The European Commission in March encouraged national authorities to make more use of Article 22 to refer potentially anti-competitive deals to Brussels, even if the takeover target has no current revenue in Europe. Illumina, which contends that the Grail deal is pro-competition, has challenged in court Brussels’ authority to scrutinize the transaction. It also closed the acquisition despite the ongoing EU investigation, sparking the ire of Vestager.

“If Article 22 is allowed to play out this way, that means that any merger between any two companies anywhere in the world, even if neither of them have business in Europe, is now under the jurisdiction of the European Commission,” Illumina Chief Executive Francis deSouza told POLITICO in an interview in August. “We don’t believe that’s how this was intended.”

Article 22

The Commission told POLITICO that it decided “to make use of its powers under the Article 22 referral system” as it became clear that some deals with important competitive implications were not reviewed by EU or national authorities as they didn’t meet traditional thresholds.

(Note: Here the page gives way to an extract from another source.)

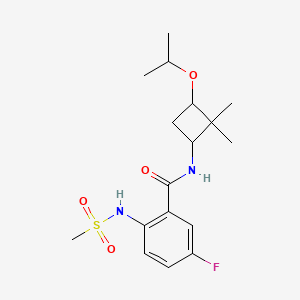 molecular formula C17H25FN2O4S B7197556 N-(2,2-dimethyl-3-propan-2-yloxycyclobutyl)-5-fluoro-2-(methanesulfonamido)benzamide 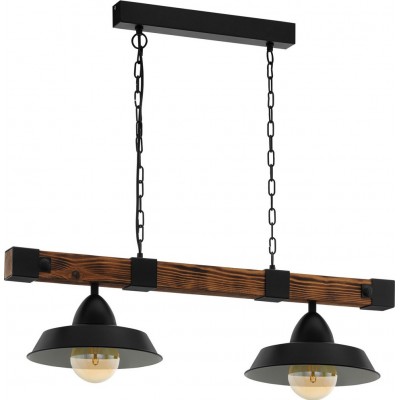 204,95 € Free Shipping | Hanging lamp Eglo Oldbury 120W Extended Shape 110×86 cm. Living room and dining room. Rustic, retro and vintage Style. Steel and wood. Brown, rustic brown and black Color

The new guidance issued this past spring “provides indications when such a referral may be appropriate,” it said.

“This is the case, in particular, when acquired companies despite having low turnover have an important competitive potential or are important innovators,” the Commission said, adding that it works closely with member states to identify transactions that should undergo this scrutiny.

“To the extent that uncertainty may remain as to which transactions may be subject to the Article 22 referral process, these can be alleviated by proactively engaging with the Commission,” it said. “The Commission stands ready to pragmatically engage with stakeholders early on to provide informal guidance on a case-by-case basis,” it said, adding that some companies have already approached it as they carried out their preliminary analysis.

“Ultimately, companies involved in such transactions will benefit from the EU merger control regime, as they will receive a decision providing legal security, under the EU Merger Regulation,” the Commission said.

There is disagreement over the amount of clarity being provided.

“These very vague principles complicate merger control assessments in M&A involving startups,” said Mohaupt-Schneider, the CMS lawyer. It could make it more complex to establish who has jurisdiction between national authorities and Brussels, for example, she said.

Time is another important factor in a field as dynamic as innovative startups, said Matthias Kromayer, managing partner at MIG Capital AG, a venture capital company with a big focus on biotech and pharma tech. And this situation may lead to more time passing between signing and closing a deal, which implies opportunity cost for management.

Many agree that it is too early to fully grasp the potential consequences; and that much depends on how the Commission deploys its new attitude on startup acquisitions.

“We’re worried about how the Commission will use this new approach,” Stracquadaneo of GenomeUp said. “It’s like a sword of Damocles hanging over us.”